Photos courtesy Christie

By Peter Saunders
While the sign industry has been revolutionized in recent years by advances in technology, there are few places where science is more advanced than the Stephen Hawking Centre at the Perimeter Institute for Theoretical Physics in Waterloo, Ont. World-class research, training and outreach activities take place throughout the facility everyday.

As such, it may have been a daunting task to conceptualize a digital signage deployment to welcome researchers, trainees, students, teachers, members of the public and stakeholders to the centre’s lobby. RP Visual Solutions (RPV) tackled the assignment with an array of 84 MicroTile displays manufactured by Christie in neighbouring Kitchener, Ont. Rather than build a traditional video wall, however, RPV arranged the displays as an irregular hexagon framing a passageway, echoing the lobby’s architectural mix of angles and perspectives.

“This video wall is arranged in a ‘V’ shape, with a narrow base of three MicroTiles wide, working its way up to eight wide at the top of the array,” explains Randy Pagnan, RPV’s president. “An array greater than five tiles benefits from a consolidated back frame, so we constructed one that is adjustable to align each tile, guaranteeing tight seams for the video wall. This allowed the flexibility to provide the architectural look Perimeter was looking to achieve.”
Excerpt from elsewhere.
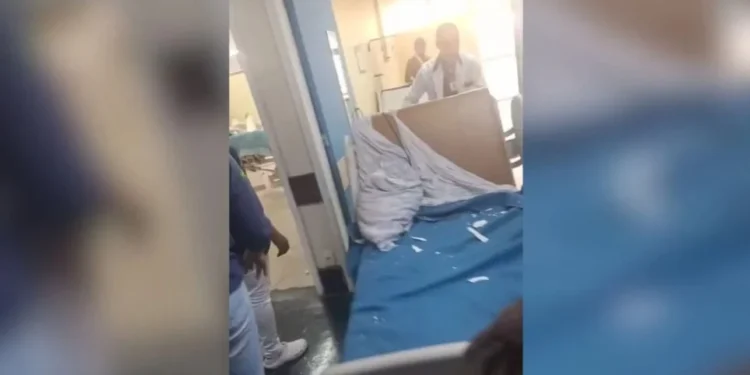 Parte do teto do Hospital Albert Schweitzer desaba após chuvas e ventania no Rio
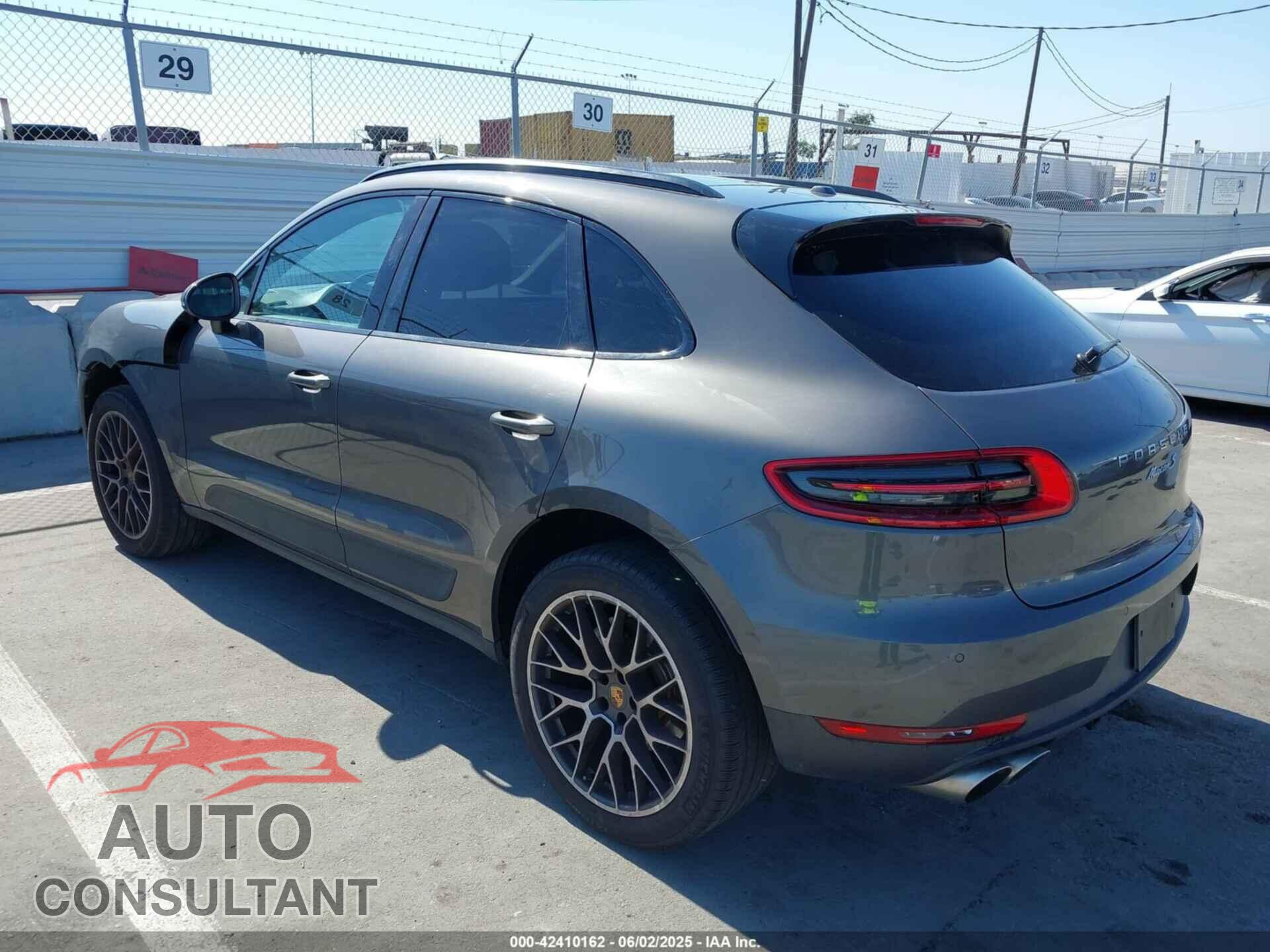 PORSCHE MACAN 2015 - WP1AB2A5XFLB61840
“The unique shape of the media wall, including the functional passageway, is in line with the architect’s vision of the main entrance to the institute,” adds John Matlock, Perimeter’s director of external relations and public affairs. “The whole space came together in a very exciting way.”

The V-shaped media wall flanks a passageway in the Stephen Hawking Centre’s lobby.

The V-shaped media wall flanks a passageway in the Stephen Hawking Centre’s lobby.

A small in-house graphics and audiovisual (AV) team will manipulate and update the media wall’s zones, backgrounds and overall imagery to communicate the institute’s daily news and other messages in creative ways. Abstract concepts in theoretical physics are shared through highly detailed animation.

“In the past, we had plasma displays to impart basic information, including times, dates and names,” says Matlock. “In expanding the research centre, however, the MicroTile array really took us to the next level, where we could bring information to life in new ways, including scientific images and computer-generated animation.”